# griffonnier



## Nichi953

Buongiorno a tutti.
Vorrei sapere la traduzione del termine "griffonnier".
L'ho trovato in un testo in accoppiata con "griffoneur" che si può tradurre con scribacchino o imbrattacarte.
Ma non riesco a tradurre "griffonnier"...
Grazie per l'aiuto.


----------



## Paulfromitaly

Salve

puoi postare l'intera frase e dirci di cosa parla il testo?


Cosa significa "*aggiungere il contesto*"?


----------



## Nichi953

Ecco la frase:
Et si un chat se mêlait d'écrire, aspirait à être, non un griffoneur ou un griffonnier, mais un véritable écrivain?

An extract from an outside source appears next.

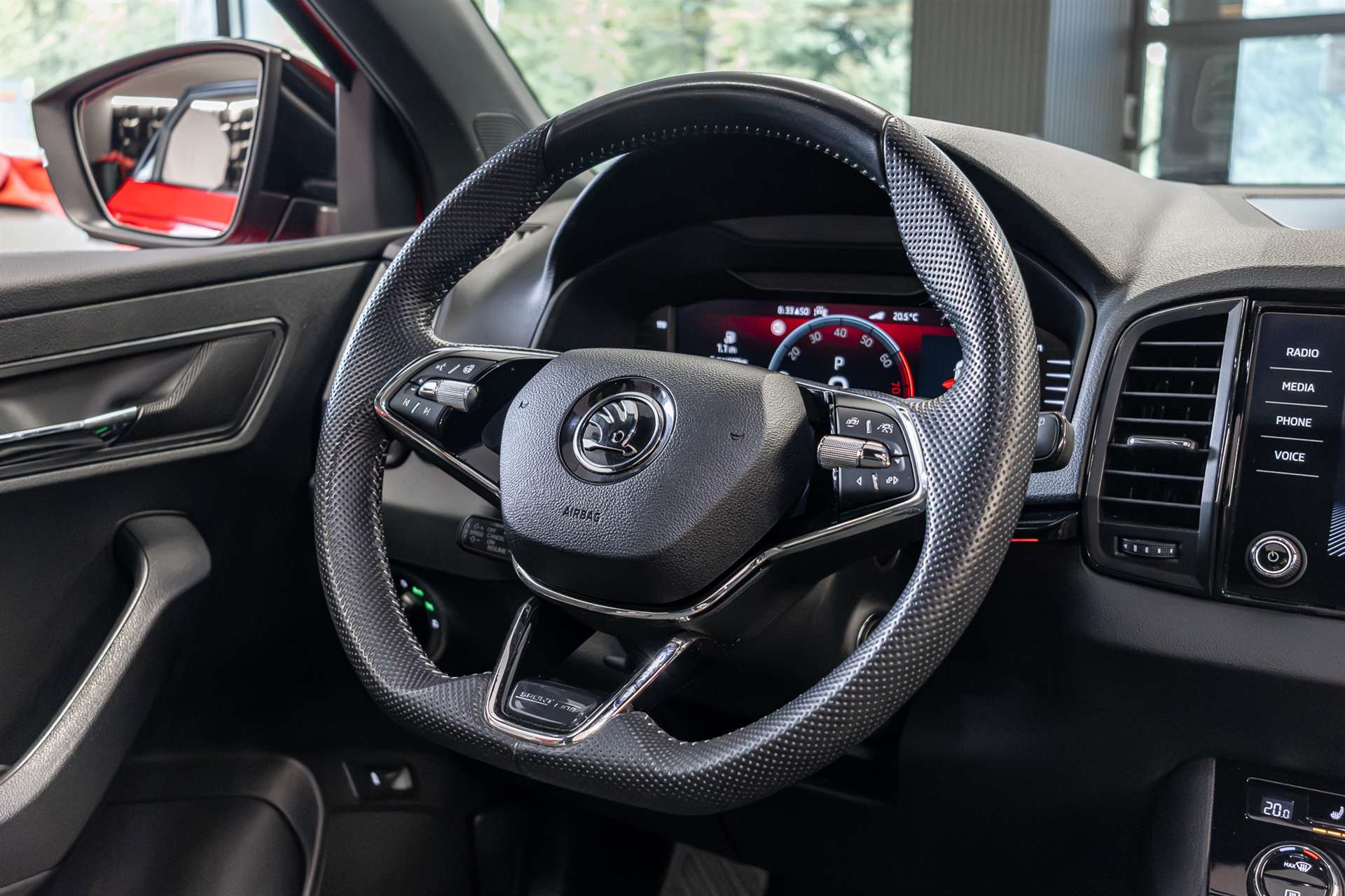 SKODA Karoq 2.0 TSI SportLine 4x4 DSG-image-7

Il testo è un saggio sul romanzo Il gatto Murr di Hoffmann.


----------



## LesCopainsd'abord

Buon giorno,

Non so come tradurlo, ma ho trovato questa definizione per "griffonnier" qui: 
Dictionnaires d'autrefois: Public Version

E quella per "griffonneur" qui :
http://www.cnrtl.fr/definition/griffonneur

Spero che ti aiutera a trovare un termine appropriato.
Saluti.


----------



## lorenzos

Scrittorucolo, scrittoruccio.
(scrittore della domenica/da quattro soldi, Balzac in sedicesimo)


----------



## Nichi953

Grazie per le indicaioni LesCopainsd'abord. Molto utili. Non conoscevo il sito.

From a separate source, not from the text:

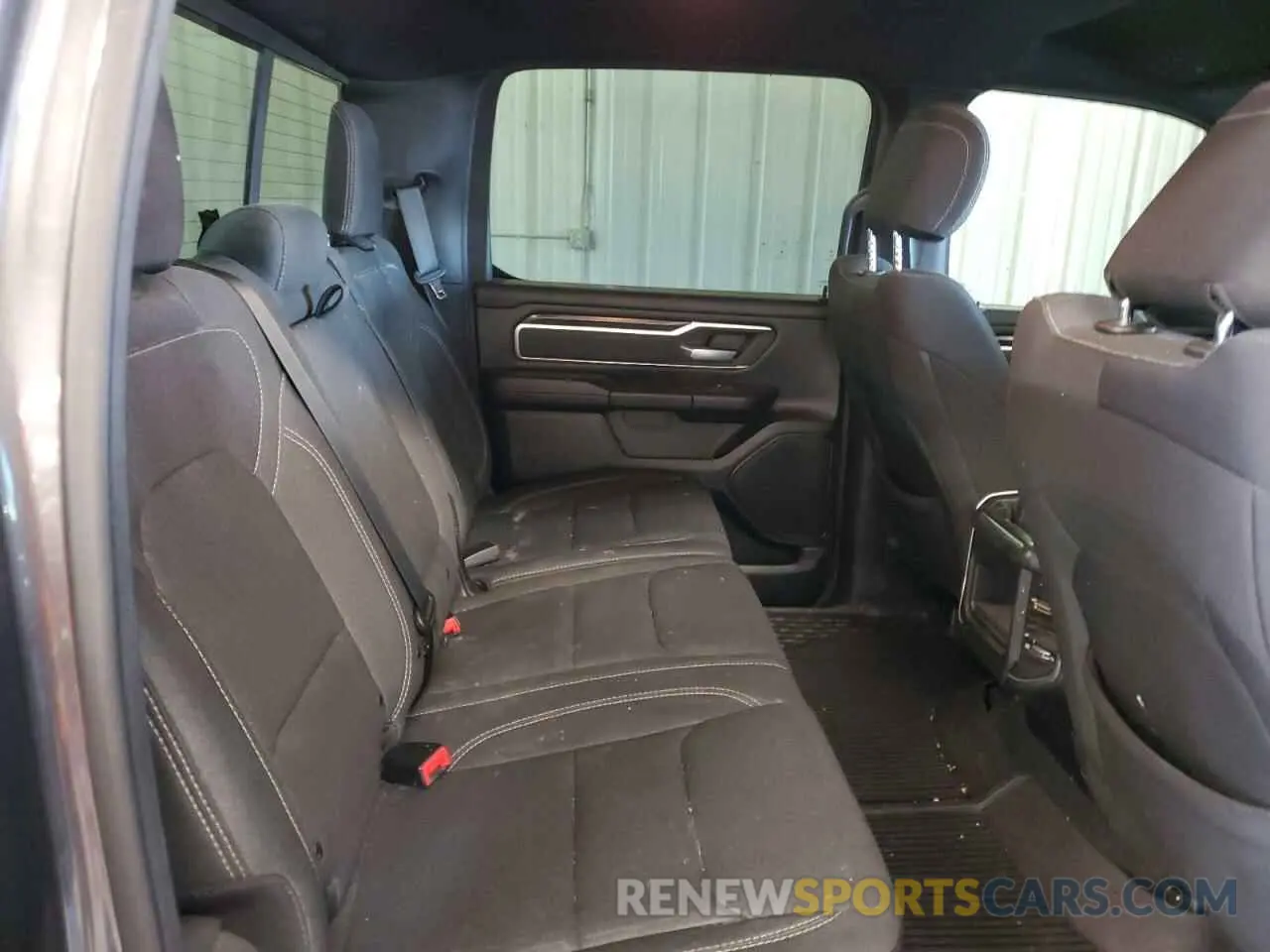 10 Photograph of a damaged car 1C6RRFFG8KN796885 RAM 1500 2019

per lorenzos: non capisco l'espressione Balzac in sedicesimo.
Secondo te potrei tradurre griffonier con scrittorucolo?


----------



## lorenzos

Direi proprio di sì: "non uno scribacchino o uno scrittorucolo".
Sul sedicesimo vedi questa discussione.


----------



## Nichi953

Grazie per le cortesi risposte!


----------



## LesCopainsd'abord

Nichi953 said:


> Grazie per le indicaioni LesCopainsd'abord. Molto utili. Non conoscevo il sito.
> 
> Piacere !


----------



## LesCopainsd'abord

lorenzos said:


> Direi proprio di sì: "non uno scribacchino o uno scrittorucolo".
> Sul sedicesimo vedi questa discussione.




Magnifico ! lorenzos, inesauseribile fonte di sapienza !


----------



## lorenzos

Prego, @Nichi953 
Grazie @LesCopainsd'abord sempre troppo gentile, troppo!


----------